What type of entrepreneur best suits you?
1. The maker
When Andrew Jennings decided to transform his childhood passion for watches into a business, he didn’t think twice about quitting his job in the city. Aged 10, Andrew inherited a Rolex Daytona from his uncle. Today, his business Larsson & Jennings sells a watch every four minutes. Selling luxury, Swiss-made watches at affordable prices the company has moved from online only to bricks and mortar stores. His design-conscious consumer base (which includes high-profile fans such as Emma Watson and Suki Waterhouse) continues to grow and the business saw a turnover of more than £8.5 million last year.
What Andrew says: “The road to success starts with failure.”
2. The seller
The name Cadbury goes hand-in-hand with chocolate, but James Cadbury the great-great-great-grandson of the legendary chocolatier John Cadbury, decided to go it alone. Love Cocoa delivers six varieties of letterbox-sized chocolate the day after they’re ordered online. Following in the footsteps of other start-up successes including Bloom and Wild, Graze, and Pact Coffee, James plans for Love Cocoa to expand through crowdfunding, moving from online-only retail to bricks and mortar stores.
What James says: “I like the idea of crowdfunding as people who like the product have a chance to also own part of the business and endorse it.”
3. The platform creator
Why should booking a shop be any more complicated than booking a hotel room? This is the belief behind Ross Bailey’s Appear Here pop-up shop booking platform. Think of it as a sort of Airbnb for the retail sector. Helping start-ups find trading space to rent on a weekly basis, the platform launched in 2013 when Ross was just 21. Today, Ross and his team are committed to building the technology to make the platform as efficient and streamlined as possible. It’s an expensive route, but it’s paying off – Appear Here works with more than 35,000 brands and retailers looking for short-term lets in the UK.

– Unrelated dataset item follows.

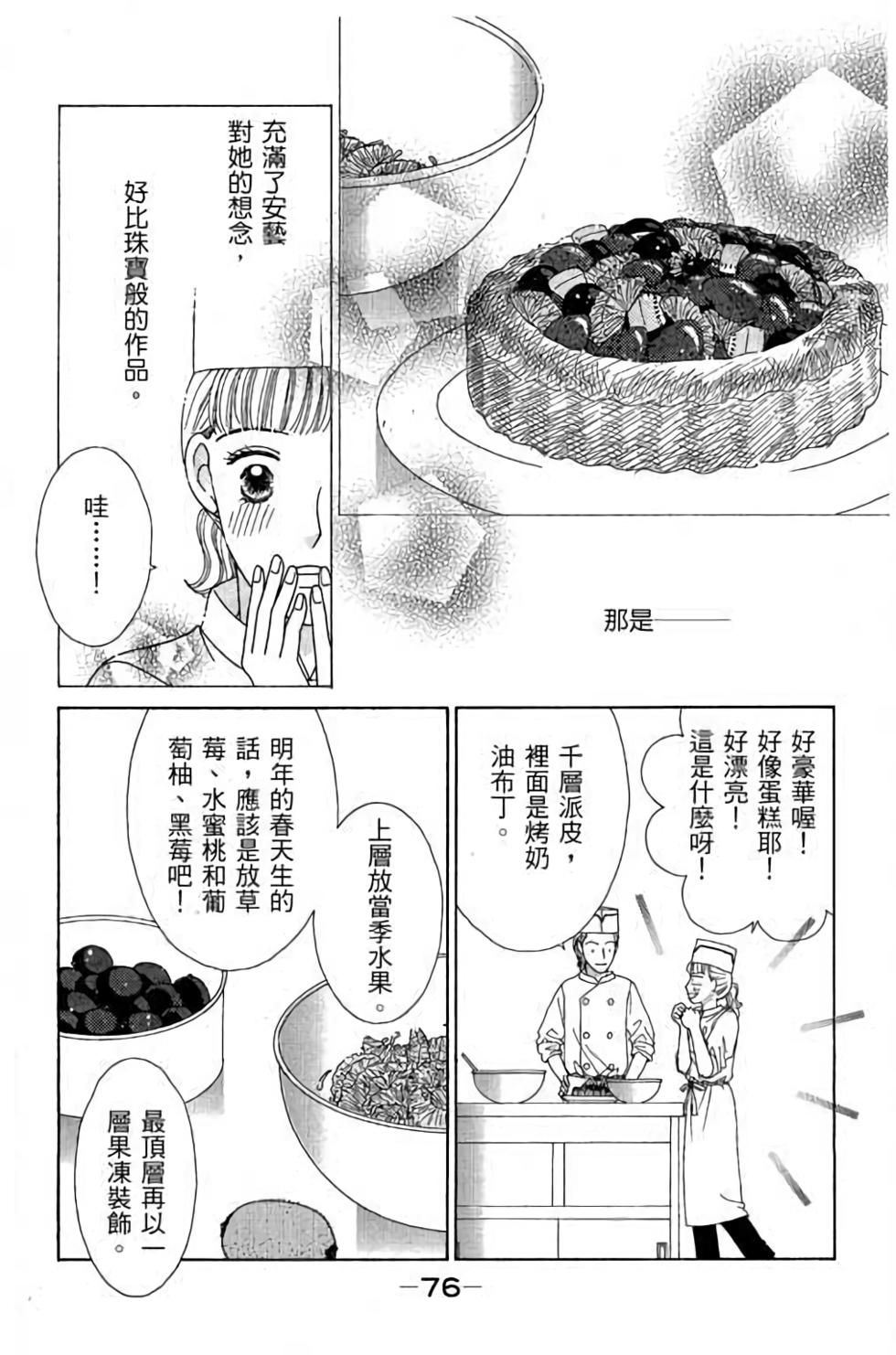 第74页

What Ross says: “I think entrepreneurs have to be blindly optimistic, they have to believe this amazing thing is going to happen so that the obstacles they hit are so insignificant that they don’t matter.”
4. The Distributor
It was James Ashwell’s personal experience of dementia that prompted Unforgettable – a website that provides products, advice and support for people suffering with dementia or memory loss. After the sudden death of his dad in 2006, James realised his mum was suffering with dementia. At 25, he became her full-time carer and soon recognised the lack of dementia-specific products on the market. Unforgettable offers products from personalised jigsaws and GPS trackers to the first dementia-specific power of attorney – all things that make a big difference when you’re dealing with dementia. Read our Unforgettable Founder Story on James Ashwell here.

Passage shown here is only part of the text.